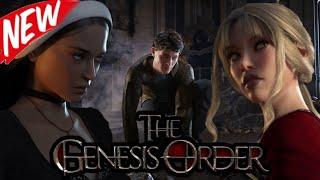 download adult game for android and pc The Gensesis Order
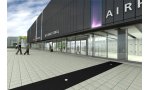 TERMINAL DEVELOPMENT PLANS APPROVED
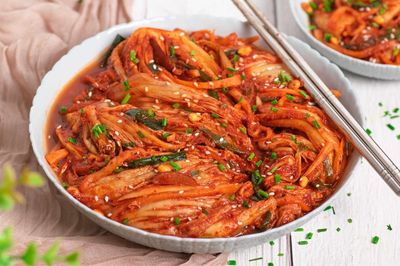 Kimchi (Cabbage)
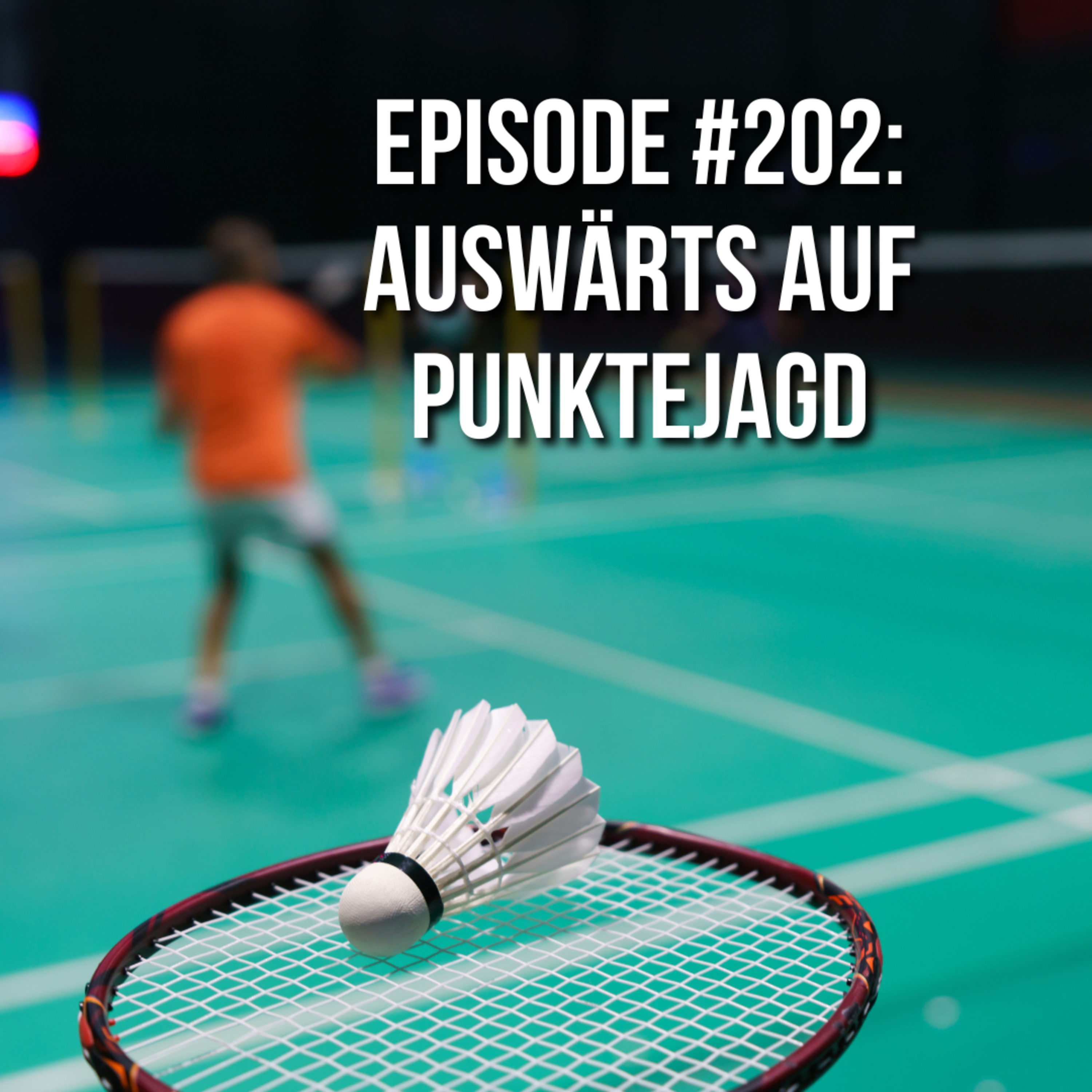 Auswärts auf Punktejagd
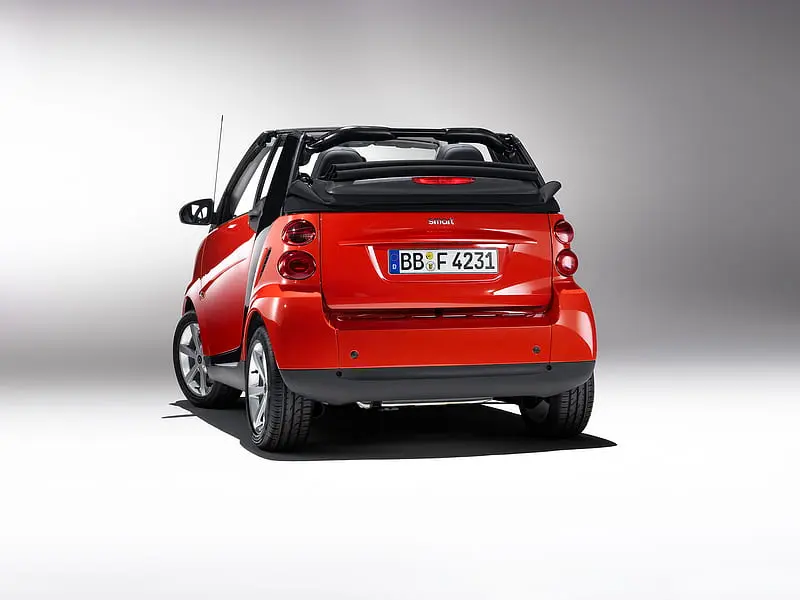 Smart Fortwo Fortwo 1.0 Pulse 2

§ **What is required**: Your answer must be the full set of entries, set down exactly and without pictures.

§ **Solved problem**:
 download adult game for android and pc The Gensesis Order
 TERMINAL DEVELOPMENT PLANS APPROVED
 Kimchi (Cabbage)
 Auswärts auf Punktejagd
 Smart Fortwo Fortwo 1.0 Pulse 2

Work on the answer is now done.